» **What you need to do**
Repeat the listing exactly. The images do not belong in the copy.

» **Provided material**
####

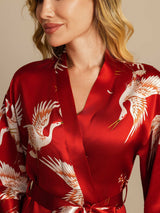 [احمر غامق] SilkSilky-SA 3/4 Sleeve رداء حمام نسائي 004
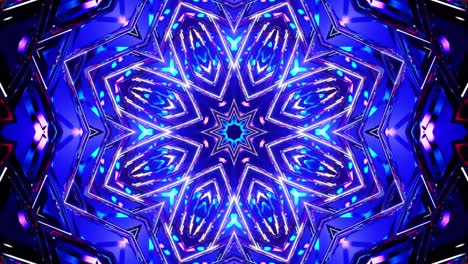 diseño abstracto azul y púrpura con estrella en el centro. caleidoscopio vj bucle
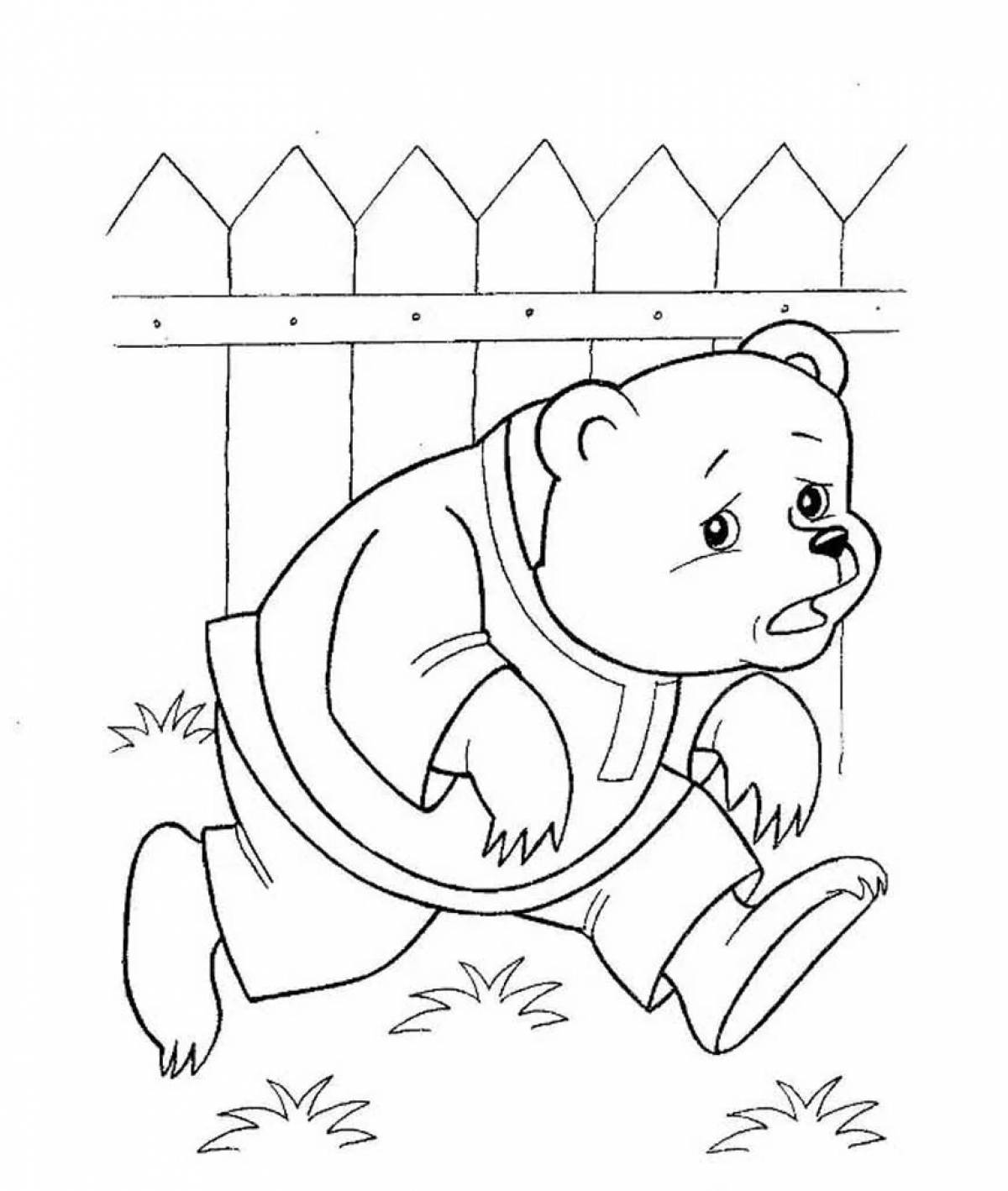 Cute teremok bear coloring book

####

» **Response box**
 [احمر غامق] SilkSilky-SA 3/4 Sleeve رداء حمام نسائي 004
 diseño abstracto azul y púrpura con estrella en el centro. caleidoscopio vj bucle
 Cute teremok bear coloring book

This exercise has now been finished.